TASK DIRECTIONS
Could you write out the listing below exactly as it stands, leaving out the pictures?

==*==

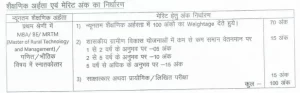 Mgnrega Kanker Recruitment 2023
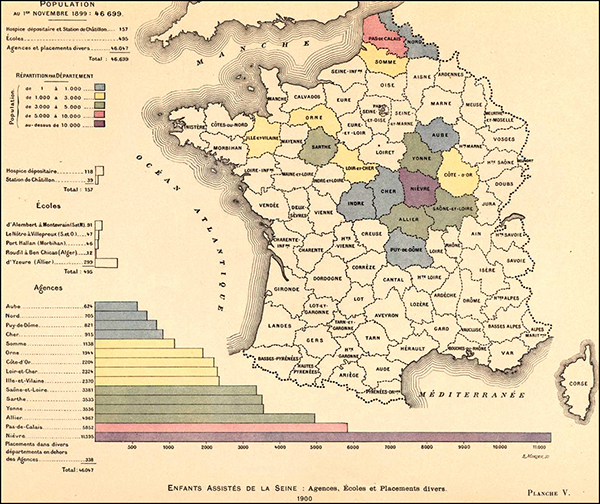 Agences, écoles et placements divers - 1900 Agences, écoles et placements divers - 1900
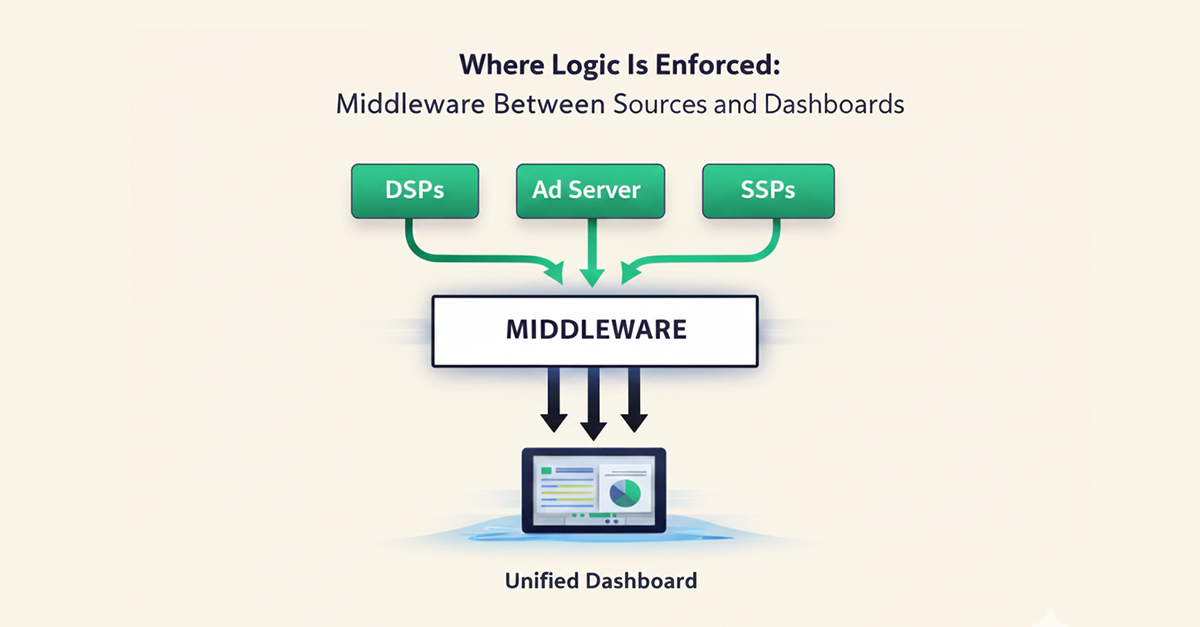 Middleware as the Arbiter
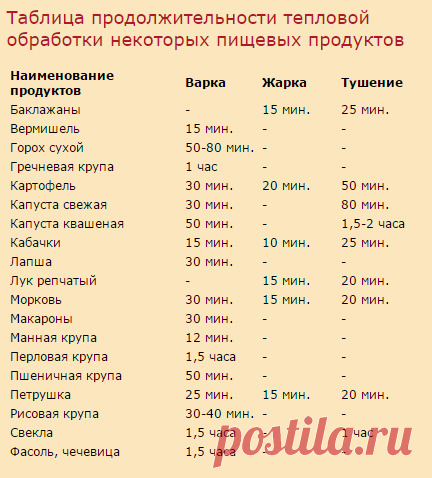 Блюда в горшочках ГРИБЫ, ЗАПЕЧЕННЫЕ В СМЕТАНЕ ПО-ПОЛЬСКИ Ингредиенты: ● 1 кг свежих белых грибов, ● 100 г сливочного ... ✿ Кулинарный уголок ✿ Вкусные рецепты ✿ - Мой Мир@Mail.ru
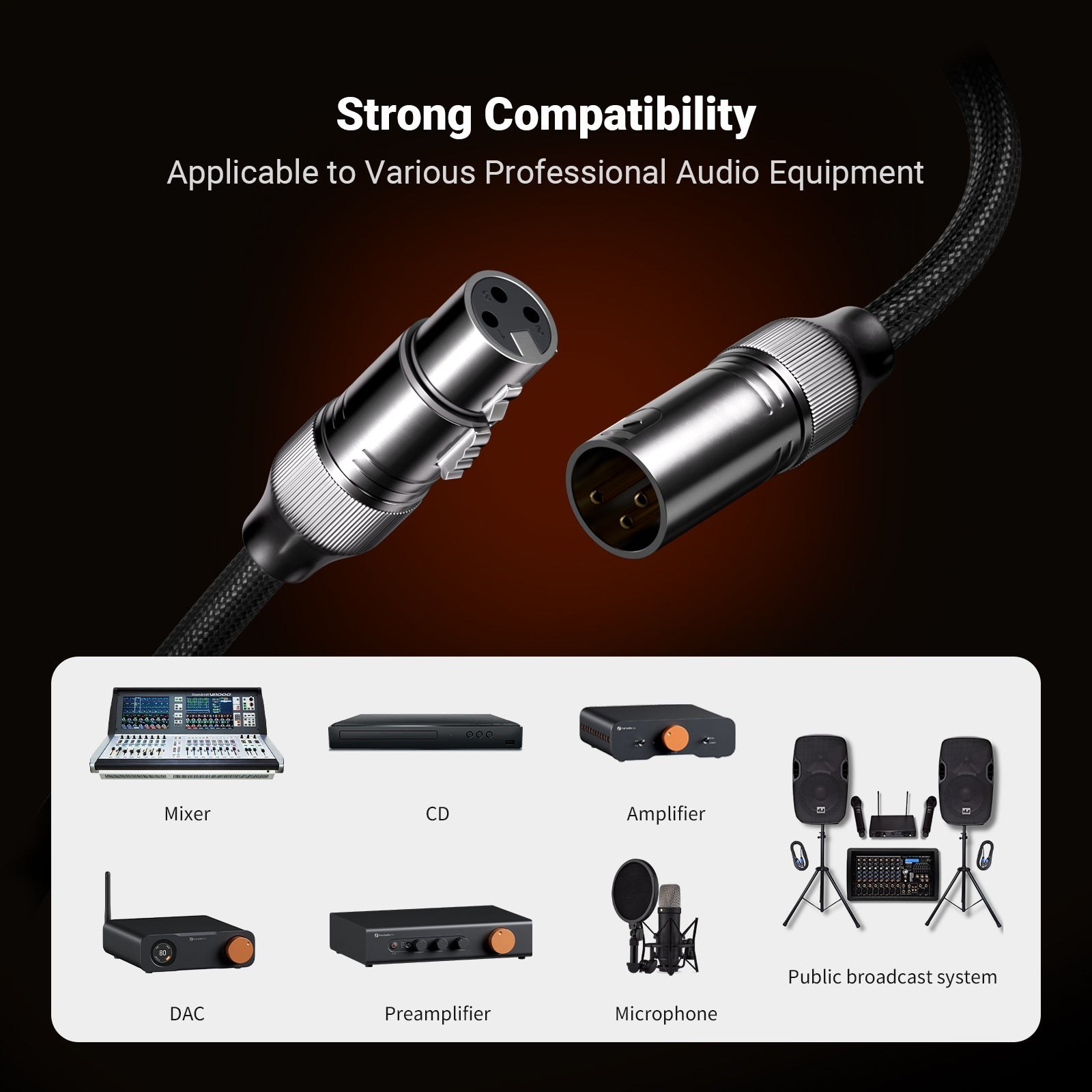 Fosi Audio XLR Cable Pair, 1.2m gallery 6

==*==

SOLUTION FOR THIS PROBLEM
 Mgnrega Kanker Recruitment 2023
 Agences, écoles et placements divers - 1900 Agences, écoles et placements divers - 1900
 Middleware as the Arbiter
 Блюда в горшочках ГРИБЫ, ЗАПЕЧЕННЫЕ В СМЕТАНЕ ПО-ПОЛЬСКИ Ингредиенты: ● 1 кг свежих белых грибов, ● 100 г сливочного ... ✿ Кулинарный уголок ✿ Вкусные рецепты ✿ - Мой Мир@Mail.ru
 Fosi Audio XLR Cable Pair, 1.2m gallery 6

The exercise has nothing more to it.